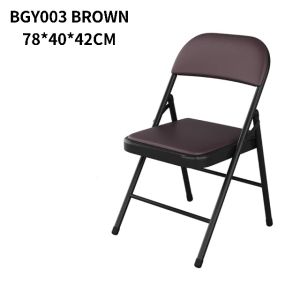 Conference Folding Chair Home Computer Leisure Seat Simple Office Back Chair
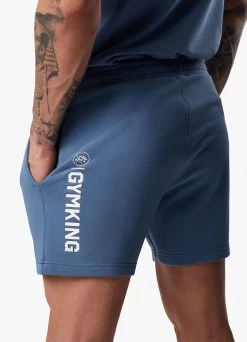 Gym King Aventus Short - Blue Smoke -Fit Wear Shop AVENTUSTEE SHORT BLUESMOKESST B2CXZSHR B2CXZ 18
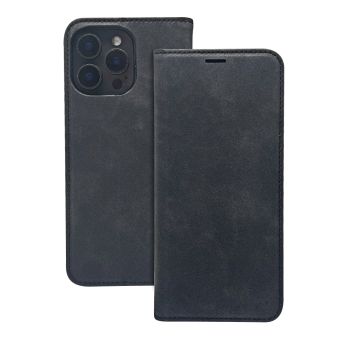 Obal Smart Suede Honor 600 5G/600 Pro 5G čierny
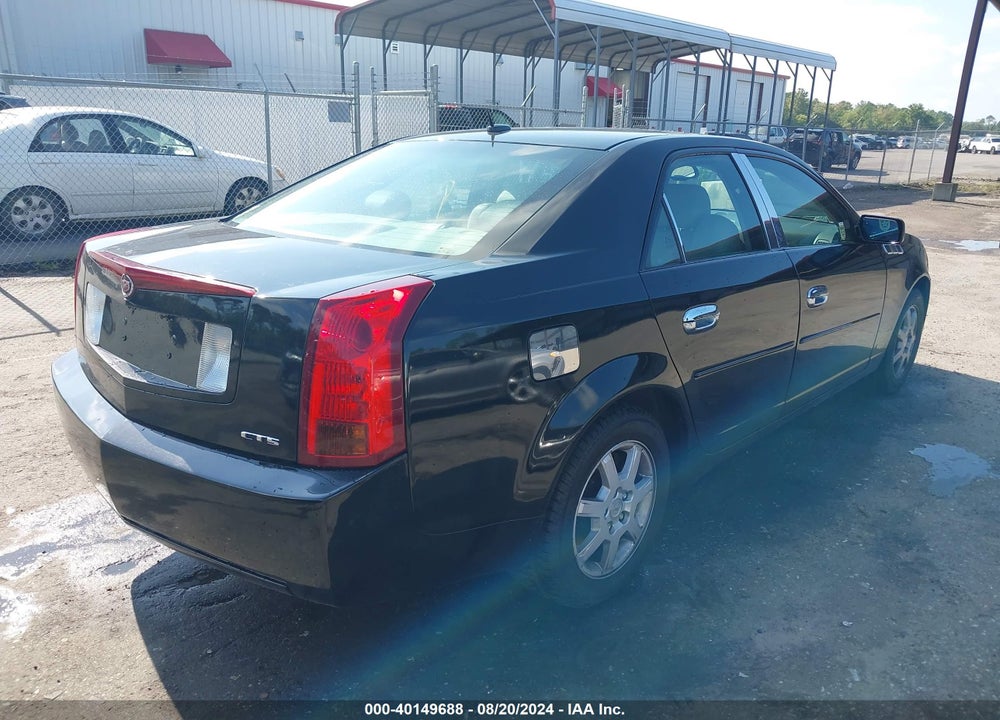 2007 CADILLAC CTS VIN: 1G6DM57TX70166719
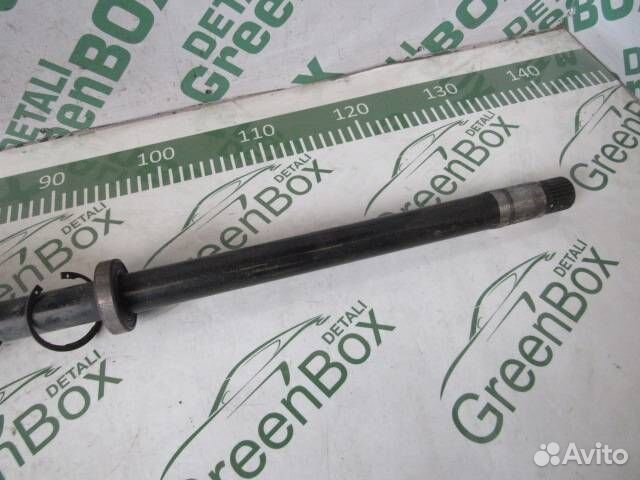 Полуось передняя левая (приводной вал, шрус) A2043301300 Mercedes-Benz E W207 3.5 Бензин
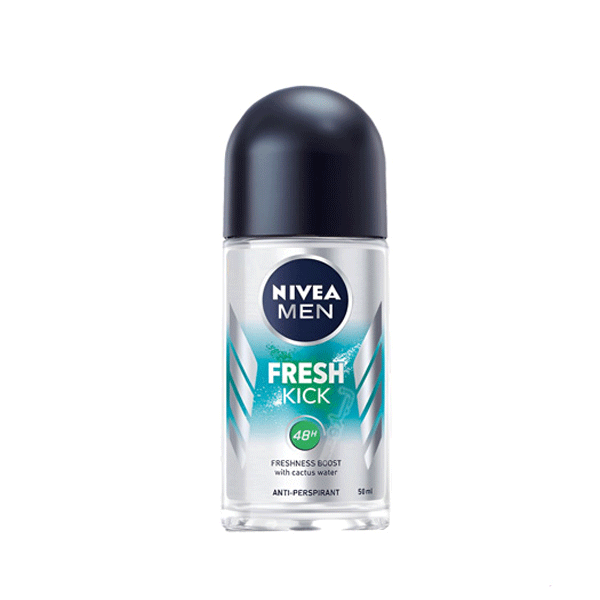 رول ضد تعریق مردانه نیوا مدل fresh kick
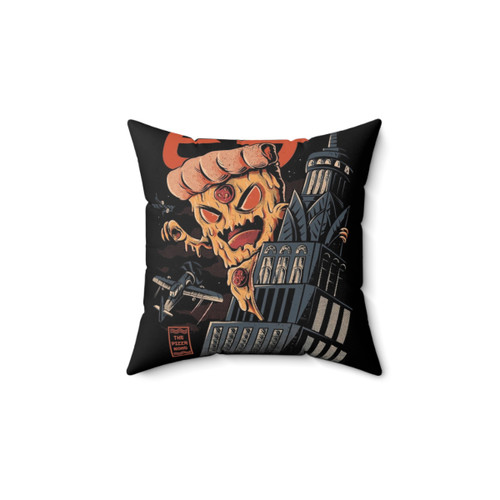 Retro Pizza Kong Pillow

--

*PROBLEM REQUIREMENTS:*
Only the pictures stay behind; copy everything else in the records above exactly.

*RESULT OF THIS TASK:*
 Conference Folding Chair Home Computer Leisure Seat Simple Office Back Chair
 Gym King Aventus Short - Blue Smoke -Fit Wear Shop AVENTUSTEE SHORT BLUESMOKESST B2CXZSHR B2CXZ 18
 Obal Smart Suede Honor 600 5G/600 Pro 5G čierny
 2007 CADILLAC CTS VIN: 1G6DM57TX70166719
 Полуось передняя левая (приводной вал, шрус) A2043301300 Mercedes-Benz E W207 3.5 Бензин
 رول ضد تعریق مردانه نیوا مدل fresh kick
 Retro Pizza Kong Pillow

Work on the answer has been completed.